Giving thanks, gluten-free |

Giving thanks, gluten-free

Susan Hart
For the Nevada Appeal
Photo courtesy Mark MathewsonSusan Hart's gluten-free pie crust can be filled with standard pie filling, such as the pecan pie above, for a delicious flaky-crust desert without the gluten stomach ache.

My family shares a love of tradition, as well as a propensity to celiac disease. Being gluten-intolerant doesn’t slow us down in the pursuit of pie, or the perfect stuffing for turkey. My daughter Audrey, in particular, loves the Thanksgiving ritual and meal, and urges her siblings to attend our celebration every year, though they are flung far and wide. She is the true believer who helps us remember what is important in life.

Audrey’s preference for tradition extends to her tastebuds. Our Thanksgiving menu doesn’t vary much from year to year. I’m allowed to dabble with the hors d’oeuvres, the salad and the green vegetable, but other things may not change. There is always turkey with wild rice stuffing, mashed potatoes and gravy, yams with pears and crispy leeks, and whole-berry cranberry sauce with honey and fresh thyme.

And pie! As a person with celiac disease, pie has become the main event of the meal for me – just because it’s so hard to come by on a regular basis.

I’d like to share this pie crust recipe with you. I find it consistent in outcome, and pretty easy to handle once the perfect moisture level is found.

Have a wonderful Thanksgiving.

• Susan Hart has been cooking gluten-free for 15 years. She teaches continuing education classes in gluten-free baking at Truckee Meadows Community College and can be reached at

2, 9″ single crusts or 1, 2-crust pie

(DuBois Health Foods carries gluten-free flours and Xanthan gum)

1 cup brown rice flour

1⁄3 cup tapioca flour

2⁄3 cup potato starch

2 tablespoons sweet rice flour

1 teaspoons Xanthan gum

1⁄2 teaspoons salt

1 cup (2 sticks) canola-based margarine

1 egg, cold

1 tablespoons apple cider vinegar

2 tablespoons ice water

2 tablespoons orange juice, chilled

Sweet rice flour, for rolling out – about 1⁄2 cup

Mix all the dry ingredients together in a large bowl. Cut in the margarine with a pastry cutter. In a medium bowl, beat the egg, then mix in the vinegar, ice water and orange juice. Make a well in the dry ingredients, pour in the liquids, and mix together gently. I find that in our dry climate, a little more ice water is usually necessary. The dough should be tacky to the touch, but not overly sticky.

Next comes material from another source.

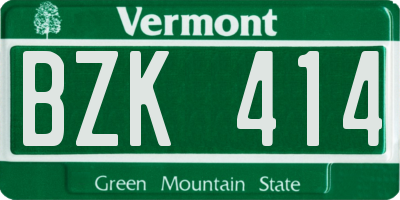 VT license plate BZK414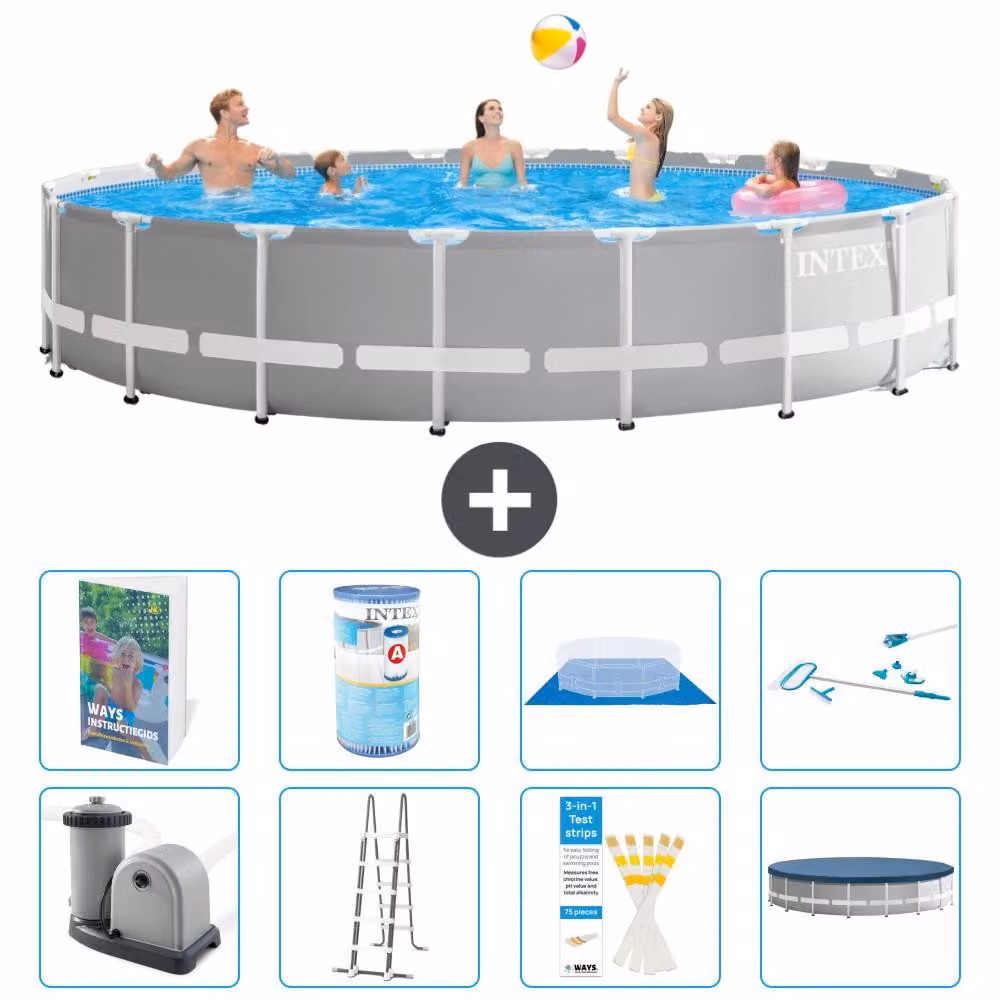 Struttura per piscina a forma di prisma - 610x132 cm - composta da 7 elementi - modello S542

Divide the dough in two equal balls and wrap them in sweet-rice floured plastic wrap. Refrigerate for at least 1 hour. More is better, and overnight is OK, too.

When you are ready to roll the dough, place two sheets plastic wrap, slightly overlapping, on a smooth surface and flour it with more sweet rice flour. Put the dough on the floured wrap, sprinkle a little flour on the dough, put a piece of plastic wrap over that, and roll it out. When it’s the right size, slip your hand under the bottom layer of plastic wrap and invert it into the pie pan.

If it’s a single crust pie for a cold filling, crimp the edges and you’re ready to bake the crust at 400 degrees F for 10 to 12 minutes. If the crust needs to be baked with the filling, it should be baked according to that recipe. I like the recipes for pecan and pumpkin pie in the first Silver Palate cookbook.

If it’s a filled pie with 2 crusts, place the filling in the pan with the rolled crust, repeat the process for the top crust, cut a few vents in the top and bake according to the directions for that pie.